O Pentágono avalia possíveis medidas contra países aliados da Organização do Tratado do Atlântico Norte (Otan) que não apoiaram os Estados Unidos durante a guerra contra o Irã. A informação foi divulgada nesta sexta-feira (24) pela agência Reuters e revela o descontentamento de Washington com a postura de alguns parceiros europeus durante o conflito, que atualmente está em cessar-fogo.
De acordo com a reportagem, um e-mail interno do Departamento de Defesa dos EUA demonstra frustração com a recusa ou resistência de alguns aliados em conceder acesso a bases militares, espaço aéreo e direitos de sobrevoo para operações americanas contra o Irã.
Entre as possibilidades discutidas estaria até mesmo a suspensão da Espanha da Otan. Embora a medida tenha impacto militar limitado, o documento aponta que ela teria forte peso simbólico e político.

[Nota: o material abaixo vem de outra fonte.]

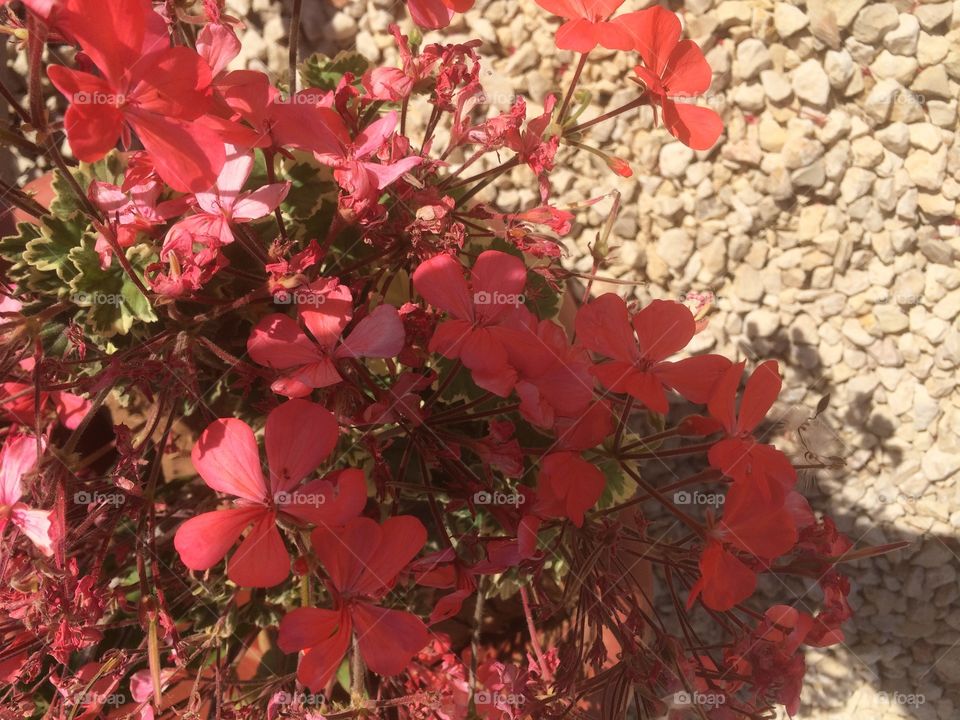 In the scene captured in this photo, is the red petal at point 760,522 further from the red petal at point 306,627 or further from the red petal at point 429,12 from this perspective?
the red petal at point 429,12

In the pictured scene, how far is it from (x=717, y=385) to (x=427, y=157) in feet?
1.62

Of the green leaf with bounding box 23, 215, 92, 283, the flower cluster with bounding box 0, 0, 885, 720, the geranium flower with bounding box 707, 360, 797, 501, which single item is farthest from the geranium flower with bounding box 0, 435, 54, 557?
the geranium flower with bounding box 707, 360, 797, 501

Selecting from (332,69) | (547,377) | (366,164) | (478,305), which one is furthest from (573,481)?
(332,69)

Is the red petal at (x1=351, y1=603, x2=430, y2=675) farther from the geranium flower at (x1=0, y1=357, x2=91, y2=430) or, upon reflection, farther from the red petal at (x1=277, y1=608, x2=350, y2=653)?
the geranium flower at (x1=0, y1=357, x2=91, y2=430)

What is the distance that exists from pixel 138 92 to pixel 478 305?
0.42m

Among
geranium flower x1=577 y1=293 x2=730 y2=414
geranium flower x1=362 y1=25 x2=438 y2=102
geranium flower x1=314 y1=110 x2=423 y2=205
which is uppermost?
geranium flower x1=362 y1=25 x2=438 y2=102

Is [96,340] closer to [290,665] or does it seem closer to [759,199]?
[290,665]

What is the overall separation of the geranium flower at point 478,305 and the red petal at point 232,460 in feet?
0.77

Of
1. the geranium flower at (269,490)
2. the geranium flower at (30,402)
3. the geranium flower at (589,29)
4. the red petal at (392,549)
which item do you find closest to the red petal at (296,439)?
the geranium flower at (269,490)

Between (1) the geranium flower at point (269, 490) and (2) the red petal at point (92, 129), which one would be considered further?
(1) the geranium flower at point (269, 490)

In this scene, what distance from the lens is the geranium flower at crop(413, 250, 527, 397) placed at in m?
0.87

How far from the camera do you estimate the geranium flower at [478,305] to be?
87 cm

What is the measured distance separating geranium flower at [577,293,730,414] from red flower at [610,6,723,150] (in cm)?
24

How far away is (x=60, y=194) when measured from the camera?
1.16 m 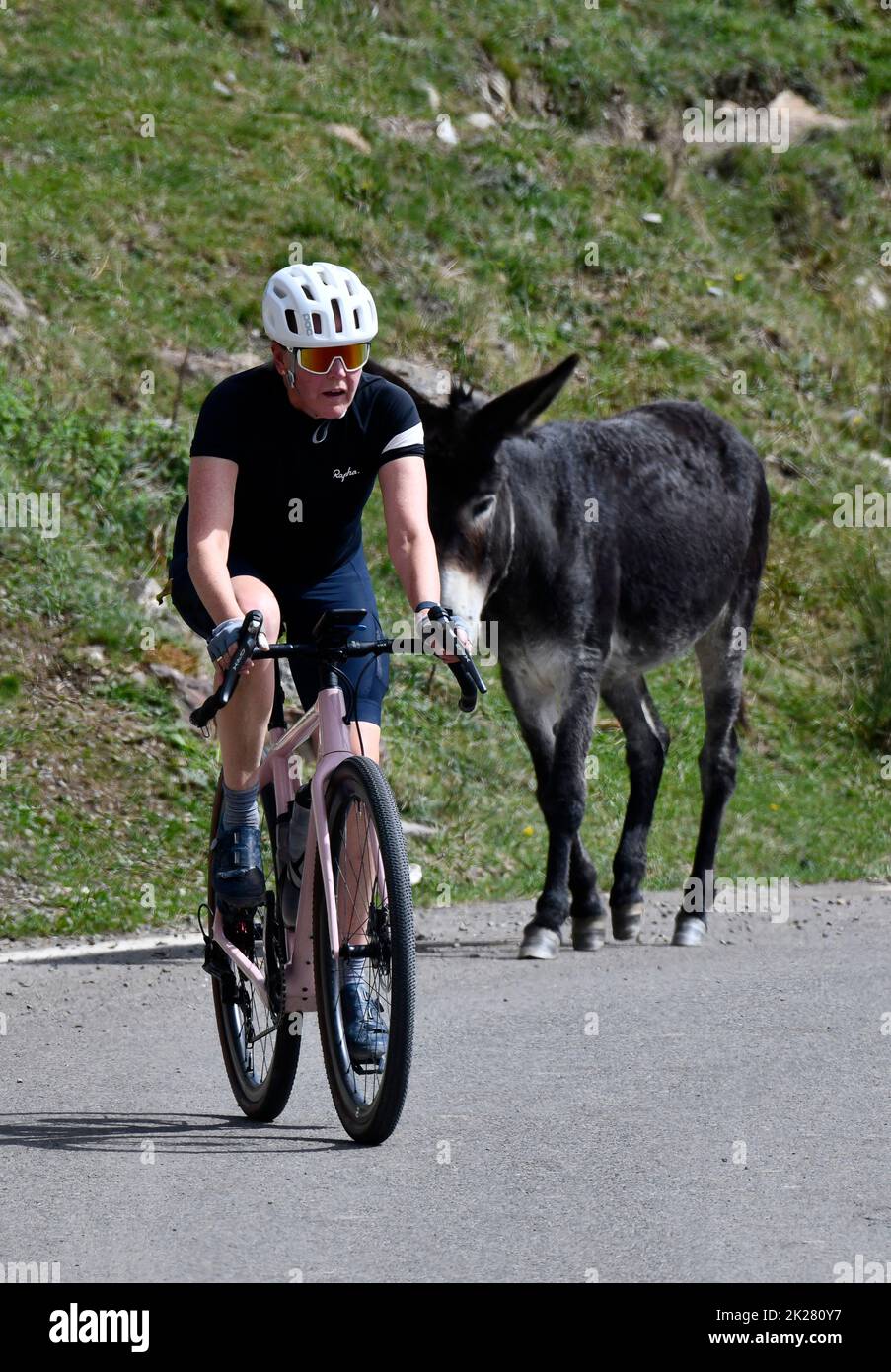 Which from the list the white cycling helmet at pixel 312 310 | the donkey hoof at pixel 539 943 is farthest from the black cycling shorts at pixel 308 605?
the donkey hoof at pixel 539 943

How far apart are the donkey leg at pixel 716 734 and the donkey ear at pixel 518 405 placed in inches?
91.0

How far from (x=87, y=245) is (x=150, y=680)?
5.00 metres

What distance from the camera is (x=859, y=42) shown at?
74.8ft

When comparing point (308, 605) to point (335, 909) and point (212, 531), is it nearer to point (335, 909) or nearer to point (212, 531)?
point (212, 531)

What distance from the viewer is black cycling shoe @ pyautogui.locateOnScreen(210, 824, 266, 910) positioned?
569 cm

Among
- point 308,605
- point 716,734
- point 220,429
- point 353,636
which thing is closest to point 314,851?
point 353,636

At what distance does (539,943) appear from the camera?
8.69m

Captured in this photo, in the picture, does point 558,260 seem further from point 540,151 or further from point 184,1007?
point 184,1007

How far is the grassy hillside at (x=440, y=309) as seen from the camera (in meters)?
10.9

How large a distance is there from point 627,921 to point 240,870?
161 inches

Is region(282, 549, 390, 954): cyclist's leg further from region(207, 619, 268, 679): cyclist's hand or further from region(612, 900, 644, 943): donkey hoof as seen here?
region(612, 900, 644, 943): donkey hoof

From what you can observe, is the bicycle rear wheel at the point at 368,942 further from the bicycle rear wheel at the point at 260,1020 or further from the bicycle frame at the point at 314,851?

Outra alternativa considerada seria rever o apoio diplomático dos Estados Unidos a territórios ultramarinos ligados a antigas potências europeias, como as Ilhas Malvinas, arquipélago britânico reivindicado pela Argentina desde a guerra travada entre os dois países nos anos 1980.
Desde o início do conflito entre EUA, Israel e Irã, em 28 de fevereiro, o Reino Unido e a Espanha adotaram posturas distintas em relação ao uso de suas estruturas militares. O governo britânico inicialmente autorizou apenas operações defensivas em suas bases, mas depois ampliou a permissão para ações ofensivas.
Já a Espanha, comandada pelo primeiro-ministro Pedro Sánchez, proibiu voos militares americanos ligados ao conflito em seu espaço aéreo e também vetou o uso das bases de Rota e Morón por aeronaves dos Estados Unidos.
Em resposta, o presidente Donald Trump ameaçou endurecer as relações comerciais com os espanhóis. Trump também já havia criticado a Espanha por não aceitar a meta da Otan de investir ao menos 5% do PIB em defesa até 2035, sugerindo até sua expulsão da aliança.
Apesar disso, a própria Otan afirmou nesta sexta-feira que seu tratado fundador não prevê mecanismos de suspensão ou expulsão de países-membros.
Pedro Sánchez minimizou a repercussão da reportagem e afirmou que o governo espanhol trabalha com base em documentos oficiais, e não em e-mails vazados. Segundo ele, a Espanha mantém colaboração total com os aliados dentro dos limites da legalidade internacional.
O governo britânico também reagiu e reforçou que os Estados Unidos seguem apoiando a soberania do Reino Unido sobre as Ilhas Malvinas, chamadas de Falklands pelos britânicos.
Em 2013, um referendo realizado com moradores do arquipélago mostrou que 99,8% dos habitantes preferiam continuar como território ultramarino britânico, rejeitando a incorporação pela Argentina.